Complementary or contradictory statements? I have found the phrase, ‘Nothing is forever’, an especially comforting phrase over the years.
Not that long ago, when one of my children was in an especially dark place, just saying those words to her and me gave me something to hold on to – that, no matter how bad things got, they would get better. Things change, life moves on, and for most of us, bad times get better. It is also a way of making us reflect on not taking things for granted, but to try and appreciate what we have because somewhere down the line it will be gone. Live in the moment.

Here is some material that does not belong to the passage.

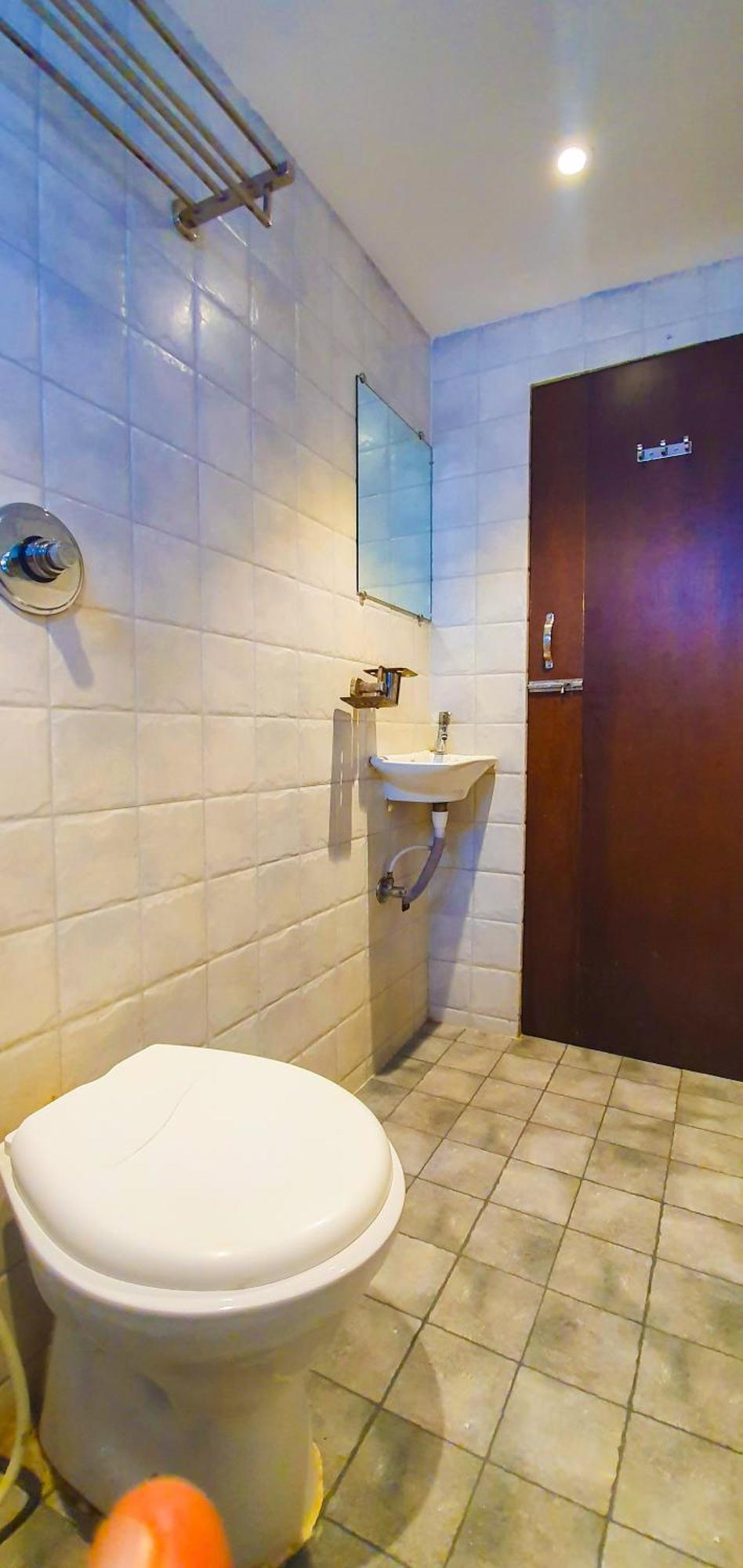 Hotel Nova Star راجكوت المظهر الخارجي الصورة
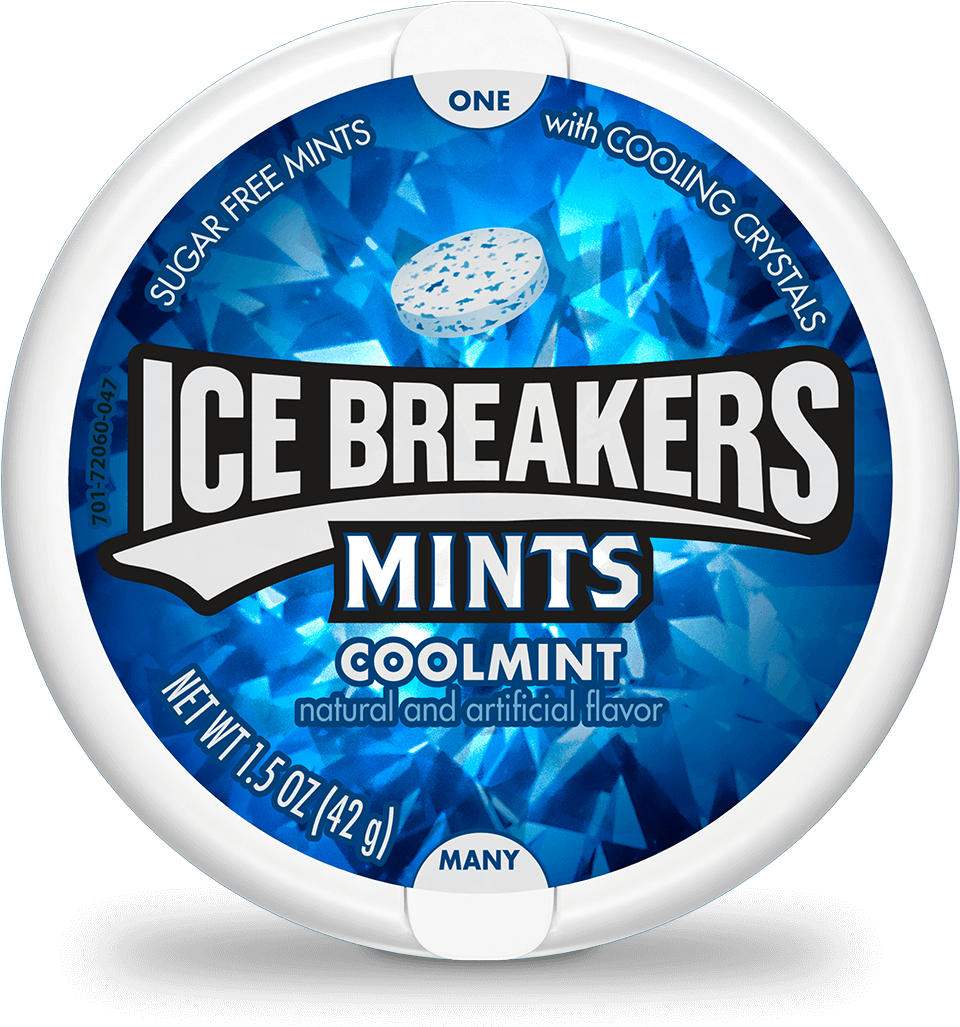 Ice Breaker Png (1200x1200), Png Download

‘Endings are new beginnings’ is also a lovely phrase. It can be applied in so many ways. Each day, turning into night, and then back into day, reminds of stories from my youth of creation myths, in which the dying of the day and being consumed by darkness is burnt away by its rebirth each dawn. In a larger sense, ‘Endings are new beginnings’ is a metaphor for life. My dad helped me when I was a teenager to comes to grips with life and death - he gave me hope and belief that endings are just a step to something else.
Teaching is cyclic, and teachers live in a world of beginnings and endings. The end of a school term or year is joyous (holidays!) and a little sad as pupils and colleagues leave. Of course, every person’s time at Pilgrims’ must end as nothing is forever. But too, for those leaving, it is just an opportunity, a doorway to something even more exciting. So go on, take that chance, take those steps, grab that life. Oh, but have a holiday first. Everything is better after a holiday.
A blessing – in Maori, from New Zealand
Kia hora te marino,
Kia whakapapa pounamu te moana,
Kia tere te karohirohi.
May the seas be calm,
May the shimmer of summer
Glisten like the greenstone,
Dance across thy pathway.
Ma Io koutou e manaaki, e tiaki, i nga wa katoa.
May your God bless you and protect you for all time.